Obama drops missile defence plan; Russia to drop missile deployment plan: envoy

Has Russia sold out Iran?

Obama Offered Deal to Russia in Secret Letter:
WASHINGTON — President Obama sent a secret letter to Russia’s president last month suggesting that he would back off deploying a new missile defense system in Eastern Europe if Moscow would help stop Iran from developing long-range weapons, American officials said Monday.
(Source: The New York Times)

… or is it because the missile defense system is a complete failure:

US missile system’s track record: test delays, failed launches, missed targets:
Twenty leading scientists, including 10 Nobel laureates, wrote to President Obama in July to urge the administration to reconsider the European phase of the missile defence system.

“The planned European missile defence system would have essentially no capability to defend against a real missile attack.
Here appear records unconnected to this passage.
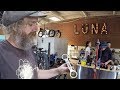 Luna cycle headquarter visit interview with eric hicks founder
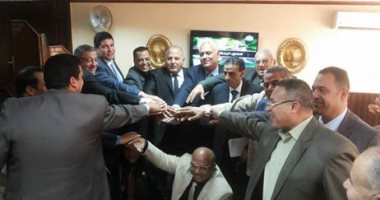 الانتهاء من تشكيل مجلس أمناء التربية والتعليم بدمياط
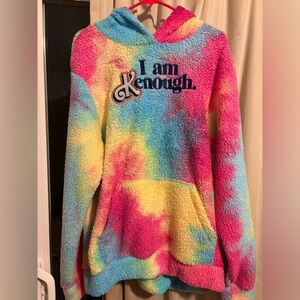 Official Barbie (Ken) Hoodie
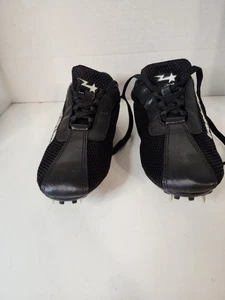 Tacchetti TrackSTAR neri taglia 8 - Foto 1 di 6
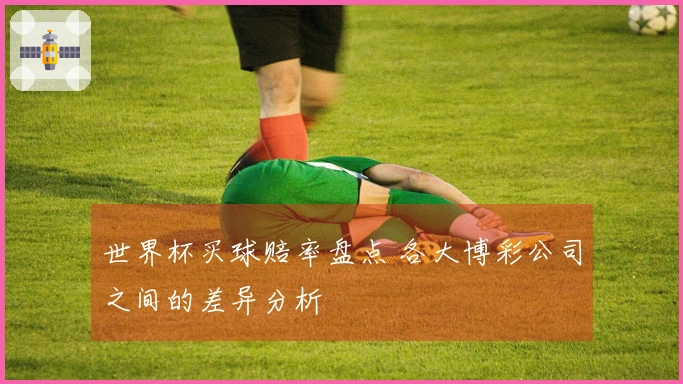 世界杯买球赔率盘点 各大博彩公司之间的差异分析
Independent and US governmental technical analyses have shown that any country that could field a long-range missile could also add decoys and other counter-measures to that missile that would defeat a defence system like that being proposed for Europe,” the letter stated.


missile

President Barack Obama has announced that he is shelving former President Bush’s plans for a missile defence system in Europe.

The project had become a major irritant in relations between the United States and Russia.

Instead of basing long-range interceptors in Poland and the Czech Republic, Mr Obama said there would be a redesigned defensive system that would be cheaper and more effective against the threat from Iranian missiles.

First broadcast 17 September 2009

Source: BBC News


Russia to drop missile deployment plan: envoy

BRUSSELS (Reuters) – Russia will not deploy new missiles in the Kaliningrad enclave now that the United States has dropped plans to build an anti-missile shield in Poland and the Czech Republic, Russia’s envoy to NATO said on Friday.

Dmitry Rogozin also welcomed a proposal from NATO Secretary-General Anders Fogh Rasmussen for more cooperation with Russia on anti-missile systems.

“It was very positive, very constructive and we have to analyze together all the sec-gen’s proposals for the new beginning of NATO-Russia cooperation,” Rogozin told a news conference.

On Russian plans to deploy medium-range missiles in Kaliningrad, which borders Poland and Lithuania, he said: “I hope you can understand logic … if we have no radars or no missiles in the Czech Republic and Poland, we don’t need to find some response.”